● EXERCISE REQUIREMENTS
An exact copy, beginning at the line containing "RAMBLER® 18 OZ WATER BOTTLE (FLIP CHUG CAP)" and ending at the final line of the records that follow, is the answer; it has no pictures and no other text.

● THE DATA
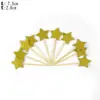 Pastel de Cumpleaños Horneado Decoración Papel Brillante con Purpurina Bronceado Amor Estrella Pareja Tarjeta Bandera Mesa de Postres Suministros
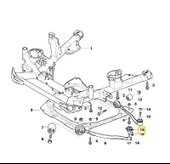 BMW E53 X5 FROW ÜST ROTİL 31126756491 thumbnail 3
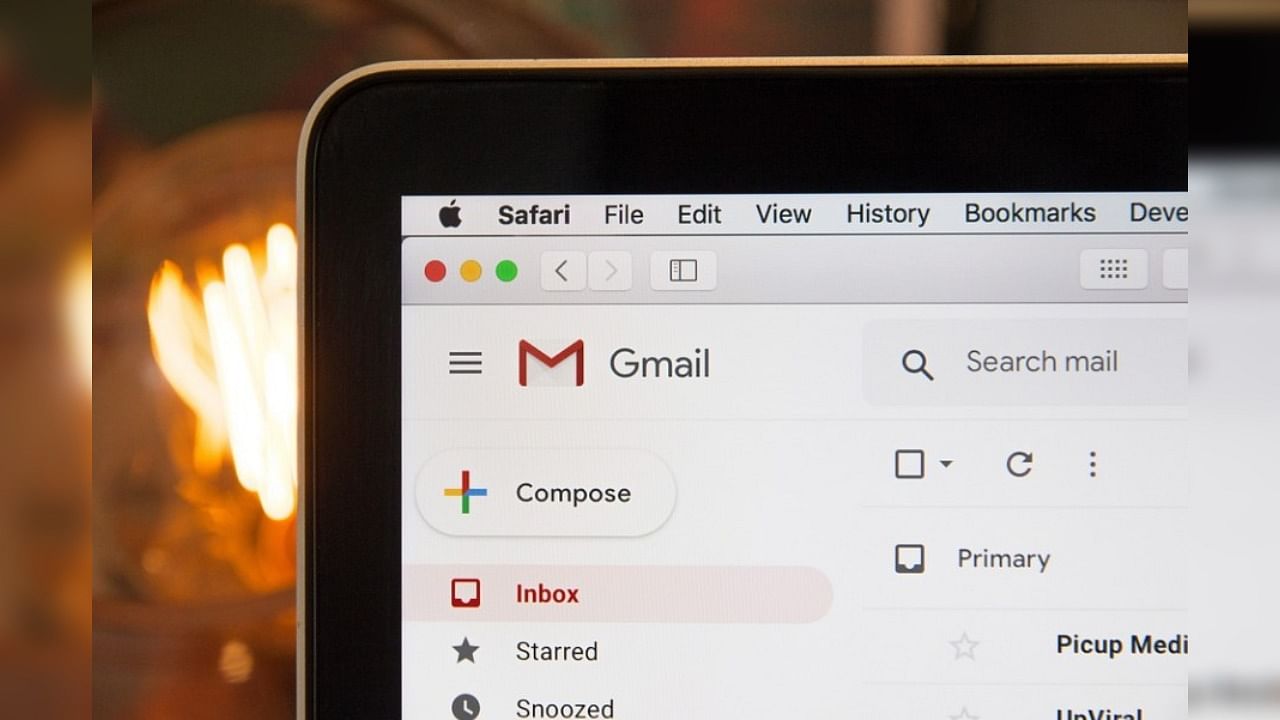 Gmail on Mac device. Picture Credit: Pixabay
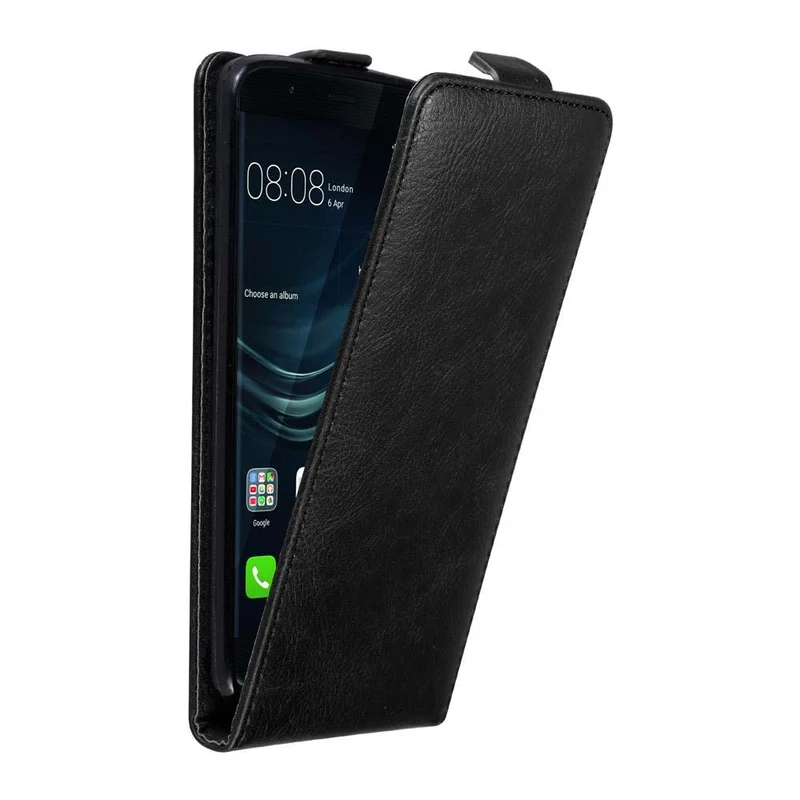 Cadorabo Hülle kompatibel mit Huawei P9 Schutzhülle im Flip Design mit Magnetverschluss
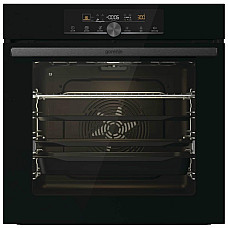 Шафа Gorenje духова електрична, 77л, дисплей, піроліз, A+, чорний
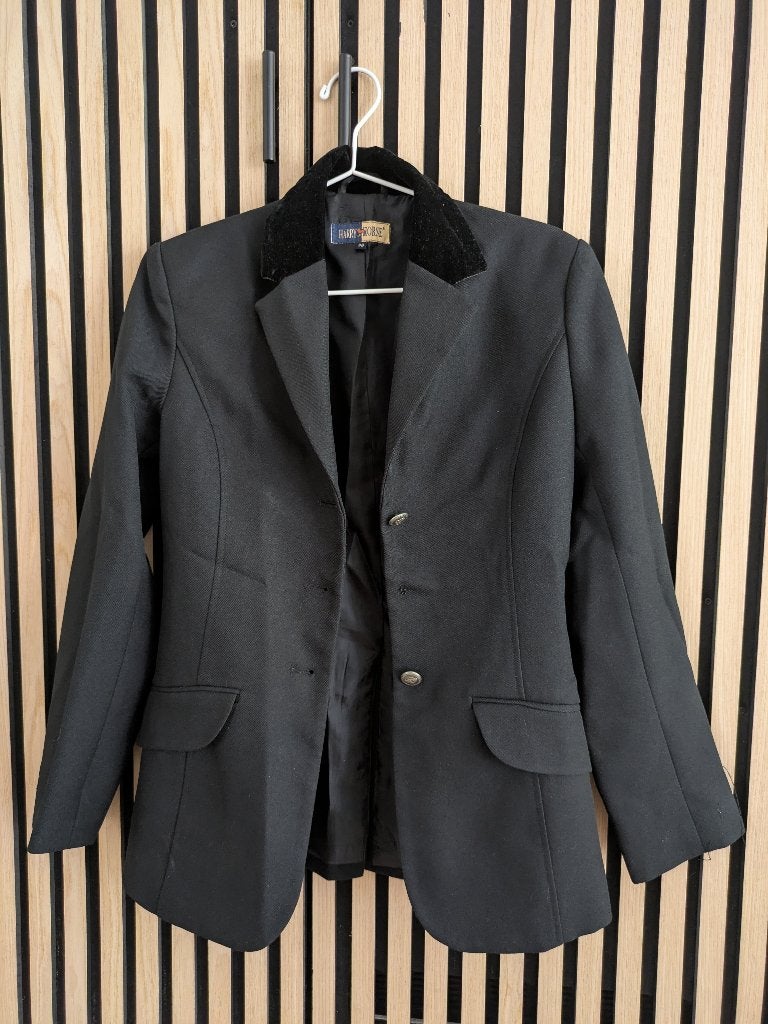 Wedstrijdjas paardrijden 36, Gebruikt, Dressuur, Ophalen of Verzenden, Zwart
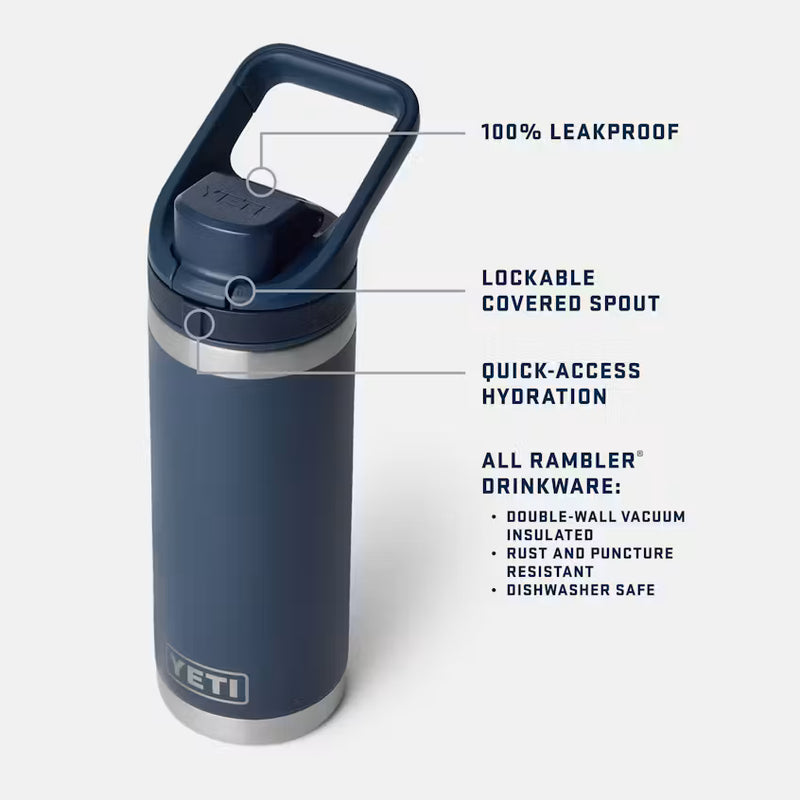 RAMBLER® 18 OZ WATER BOTTLE (FLIP CHUG CAP)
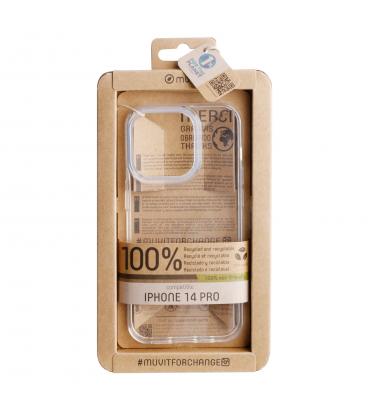 Funda muvit recycletek para apple iphone 14 pro transparente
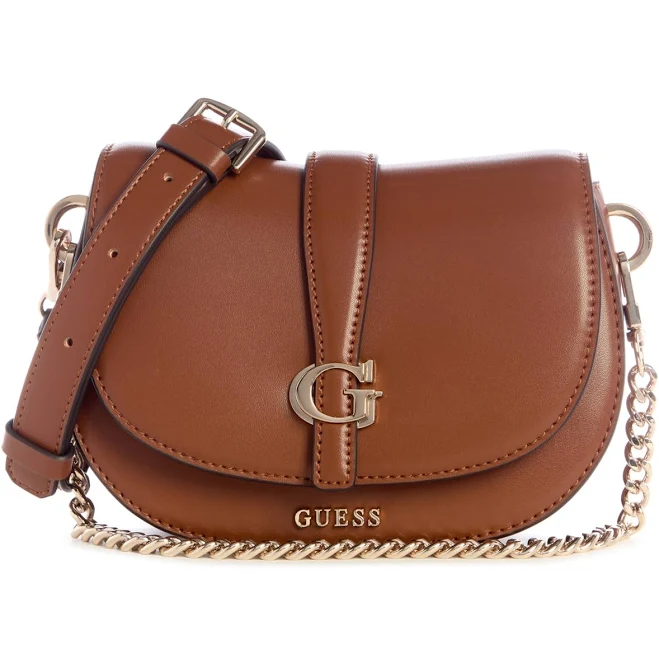GUESS Women's Carrie Mini Flap Crossbody Bag with Magnetic Closure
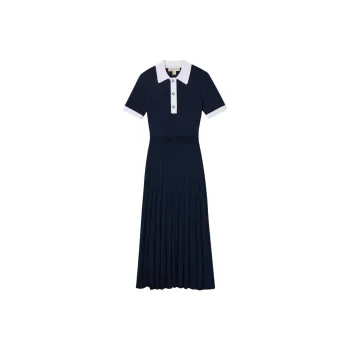 MICHAEL KORS SS23 Short Sleeved Dress Women's Navy Blue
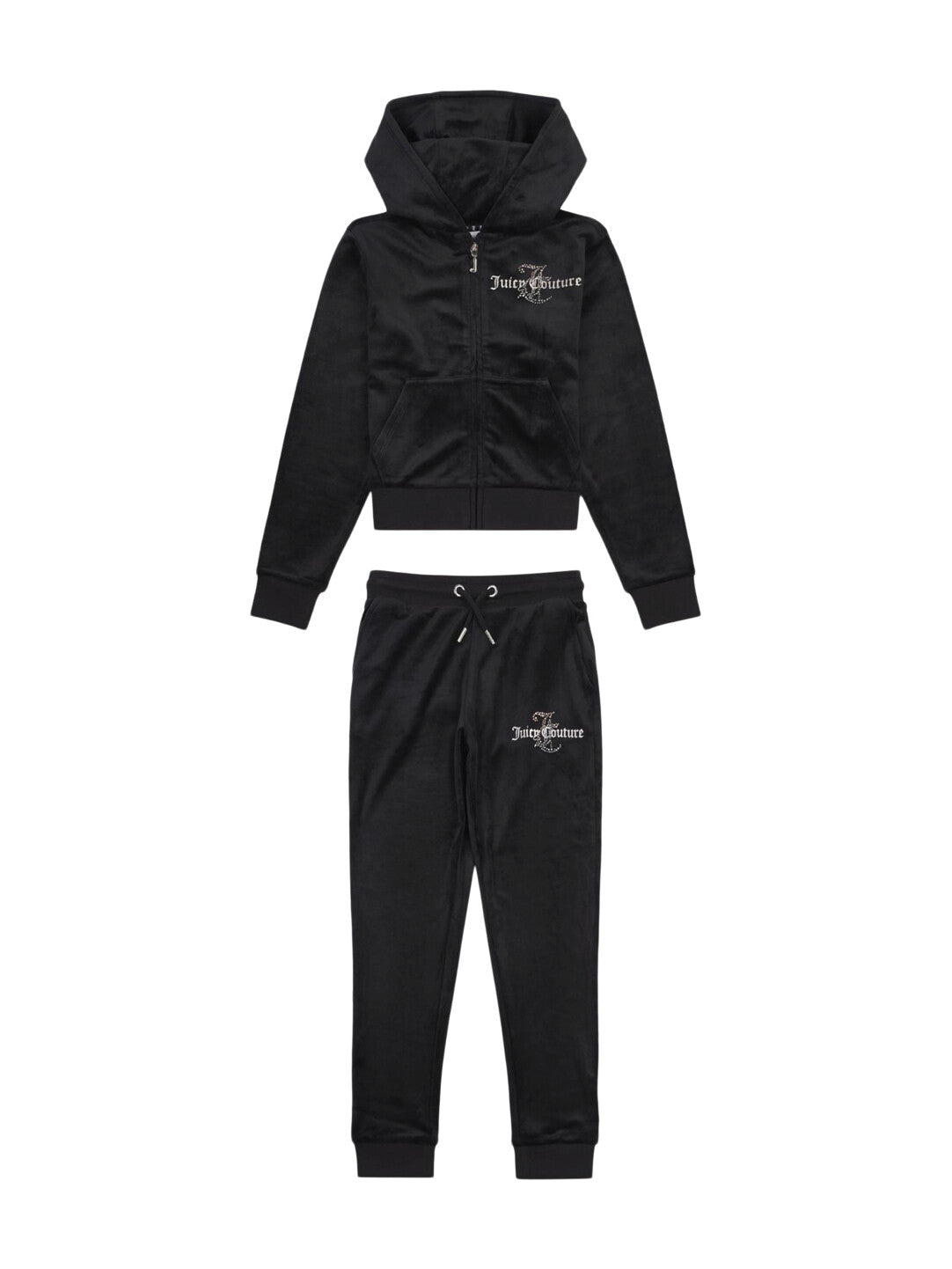 Diamante Hood Slim Jogger Set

● EXERCISE OUTPUT
 RAMBLER® 18 OZ WATER BOTTLE (FLIP CHUG CAP)
 Funda muvit recycletek para apple iphone 14 pro transparente
GUESS Women's Carrie Mini Flap Crossbody Bag with Magnetic Closure
 MICHAEL KORS SS23 Short Sleeved Dress Women's Navy Blue
 Diamante Hood Slim Jogger Set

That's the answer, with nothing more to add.